Der Opener „Versus“ startet sofort mit der erwähnten technischen Finesse und glänzt, neben mehreren komplexen Riffs, mit melodischen Passagen im Stil von Rotting Christ sowie zahlreichen Takt‑ und Tempowechseln. Ähnlich abwechslungsreich geht es im Titeltrack „Pre Divine“ weiter. Die im High‑Tempo gehaltene Nummer überzeugt durch giftiges Riffing, böse Vocals und eine ausgeklügelte Melodieführung. Zwei geschickt platzierte Bridges verleihen dem Stück zusätzliche Tiefe, während der rituelle Cleangesang für Atmosphäre sorgt. Hier zeigt sich die Fähigkeit der Band, einen unverwechselbaren Sound zu kreieren, der sich aus der Black‑Metal‑Landschaft abhebt, auch wenn er auf etablierte Einflüsse zurückgreift.

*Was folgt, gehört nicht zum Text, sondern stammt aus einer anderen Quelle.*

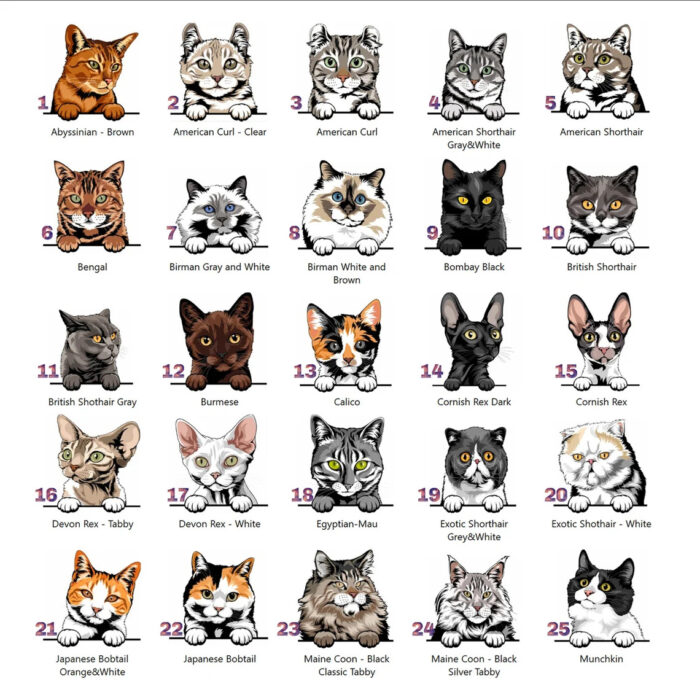 Alternative view of Personalized Pet Unisex T-Shirt With Pet Name | Customized Cat Name T-Shirt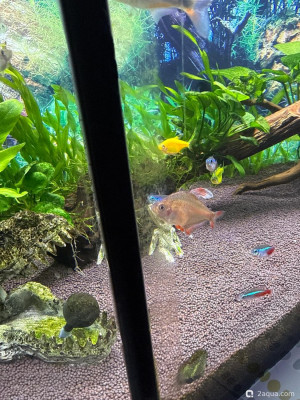 110 литров счастья, или новая банка трапеция (lera.f)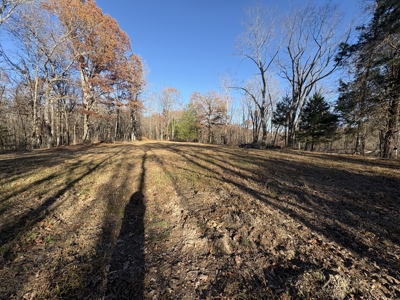 Land for Sale in Wayne County, Tennessee - image 22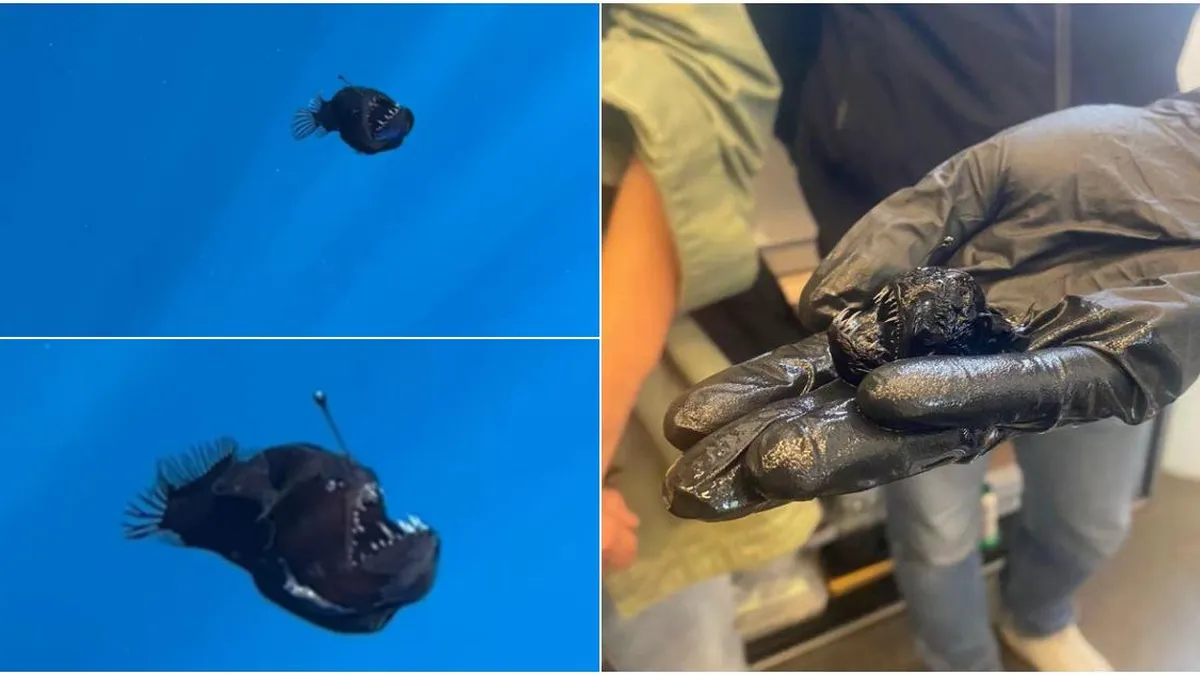 El sorprendente tamaño del pez 'diablo negro' captado en la superficie marina.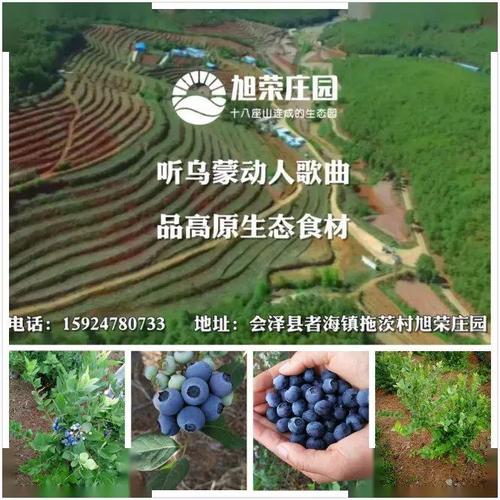 云南会泽最适合种植什么水果?会泽县者海镇海拔高度多少-图1 云南会泽最适合种植什么水果?会泽县者海镇海拔高度多少-图1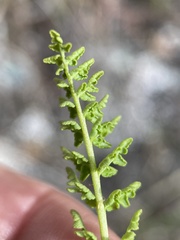 Woodsia oregana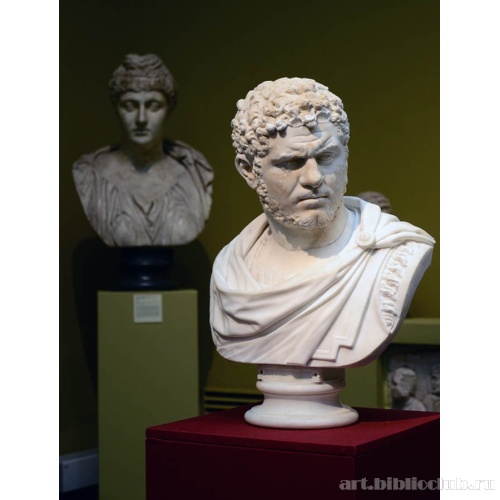 Портрет императора Каракаллы (вид сбоку)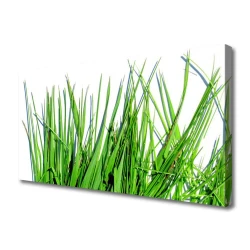 tulup.si Slika na platnu Grass on wall 140x70 cm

Wie durchdacht die Jungs beim Songwriting vorgehen, offenbart sich in Track drei, „Cursed Grace“. Mit beißenden Riffs über treibenden Drums startet die Nummer jenseits der 300‑bpm‑Marke, wechselt im Verlauf mehrmals den Takt und fräst sich über ein persistentes Riff zu einer epischen Bridge vor – Yoth‑Iria‑Fans werden den Song feiern.

Die wohl mächtigste und düsterste Nummer der Scheibe ist „Here Night Sits All Day“, deren Aufbau und Melodieführung an Emperors „The Ancient Queen“ erinnert. Dennoch wirkt „Here Night Sits All Day“ düsterer, schwerer und weniger technisch, glänzt dafür mit einem genialen Gitarrenpart am Ende und bleibt trotz des modernen Produktionsstils dem rohen, aggressiven Sound des frühen Black Metal verpflichtet.

Interwoven Worlds“ und „Falling IntoThe Black Heavens“ demonstrieren, wie Atmosphäre ganz ohne Schnickschnack aufgebaut werden kann. Beide Stücke verbinden Elemente des Black und Death Metal – Blastbeats, Tremolo‑Picking und eine Mischung aus Black‑Metal‑Screams, deathigen Growls und Sprechgesang – mit grandios melodischen Parts. Diese originelle Kombination sprüht vor giftiger Düsternis und überzeugt, wie der Rest der Scheibe, durch hochtechnische Instrumentalistik.

Der im Midtempo gehaltene Instrumentaltrack „Meredély“ sorgt für einen kurzen Moment der Ruhe, bevor es zum großen Finale kommt. Der Closer „At That Times“ rundet die durchweg gelungene LP mit einem Paukenschlag aus Takt‑ und Tempowechseln, technischen Soli und infernalisch bösem Sprechgesang im Kanon mit hexisch keifenden Screams ab – ein Stück, das mit seinem komplexen Aufbau, der geschliffenen Melodieführung und der ständigen Abwechslung noch einmal mächtig Eindruck hinterlässt.

Fazit:
Mit Pre Divine liefert AORNOS eine Lehrstunde darin, wie man virtuose Technik, tiefschwarze Atmosphäre und packendes Storytelling zu einem kohärenten Gesamtkunstwerk verschmilzt. Jeder Track trägt ein markantes Gesicht, doch zusammen formen sie ein imposantes, dramaturgisch stringentes Album, das Fans von technischem Black oder Extreme Metal gleichermaßen fordert und in seinen Bann zieht. Zwischen wütender Raserei, ritueller Erhabenheit und fein dosierter Melodik entsteht eine Klangwelt, in der Tradition und Innovation bruchlos ineinandergreifen. Wer nach einem Werk sucht, das die Grenzen des Genres respektvoll dehnt und dennoch kompromisslos finster bleibt, findet in Pre Divine einen zukünftigen Klassiker.